From the records below, transcribe exactly the lines that begin at the line with "کفش کاری صنعتی" and end at the line with "Dave & Johnny", both included.

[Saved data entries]
§ §

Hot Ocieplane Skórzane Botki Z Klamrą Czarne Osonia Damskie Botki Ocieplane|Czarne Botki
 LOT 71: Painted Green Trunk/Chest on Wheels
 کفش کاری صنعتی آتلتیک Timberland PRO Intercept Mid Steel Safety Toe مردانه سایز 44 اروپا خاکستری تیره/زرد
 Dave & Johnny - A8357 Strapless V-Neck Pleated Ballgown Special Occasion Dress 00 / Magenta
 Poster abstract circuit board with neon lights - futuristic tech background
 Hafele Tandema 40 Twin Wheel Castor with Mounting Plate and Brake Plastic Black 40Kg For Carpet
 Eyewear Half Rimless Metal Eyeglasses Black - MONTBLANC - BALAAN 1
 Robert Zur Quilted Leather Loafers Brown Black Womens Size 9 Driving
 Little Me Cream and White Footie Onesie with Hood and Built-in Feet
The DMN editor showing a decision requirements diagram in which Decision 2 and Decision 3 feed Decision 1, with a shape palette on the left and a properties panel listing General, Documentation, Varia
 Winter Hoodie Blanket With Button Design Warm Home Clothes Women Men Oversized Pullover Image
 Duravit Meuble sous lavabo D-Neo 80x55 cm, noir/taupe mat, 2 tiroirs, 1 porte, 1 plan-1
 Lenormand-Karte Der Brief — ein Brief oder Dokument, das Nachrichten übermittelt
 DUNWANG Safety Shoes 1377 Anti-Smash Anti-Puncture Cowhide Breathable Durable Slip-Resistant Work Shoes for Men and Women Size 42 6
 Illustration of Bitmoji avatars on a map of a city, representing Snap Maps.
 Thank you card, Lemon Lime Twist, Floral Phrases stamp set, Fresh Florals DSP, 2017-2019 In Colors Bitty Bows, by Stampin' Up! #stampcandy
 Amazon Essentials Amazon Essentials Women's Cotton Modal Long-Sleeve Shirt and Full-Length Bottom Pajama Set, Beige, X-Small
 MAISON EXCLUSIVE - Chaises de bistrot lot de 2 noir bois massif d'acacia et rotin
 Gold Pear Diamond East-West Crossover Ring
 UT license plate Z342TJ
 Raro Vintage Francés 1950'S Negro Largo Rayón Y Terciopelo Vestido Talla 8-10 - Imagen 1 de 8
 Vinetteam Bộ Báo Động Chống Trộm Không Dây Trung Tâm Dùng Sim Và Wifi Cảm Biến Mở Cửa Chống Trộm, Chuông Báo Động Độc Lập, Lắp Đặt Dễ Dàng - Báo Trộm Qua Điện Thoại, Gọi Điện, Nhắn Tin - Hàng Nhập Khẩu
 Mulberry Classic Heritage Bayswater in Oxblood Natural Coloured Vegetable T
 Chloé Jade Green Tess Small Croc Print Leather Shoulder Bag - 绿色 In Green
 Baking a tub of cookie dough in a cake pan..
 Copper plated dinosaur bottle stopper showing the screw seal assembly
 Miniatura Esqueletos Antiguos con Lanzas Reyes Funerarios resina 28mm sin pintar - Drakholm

§ §

Written solution ::
 کفش کاری صنعتی آتلتیک Timberland PRO Intercept Mid Steel Safety Toe مردانه سایز 44 اروپا خاکستری تیره/زرد
 Dave & Johnny - A8357 Strapless V-Neck Pleated Ballgown Special Occasion Dress 00 / Magenta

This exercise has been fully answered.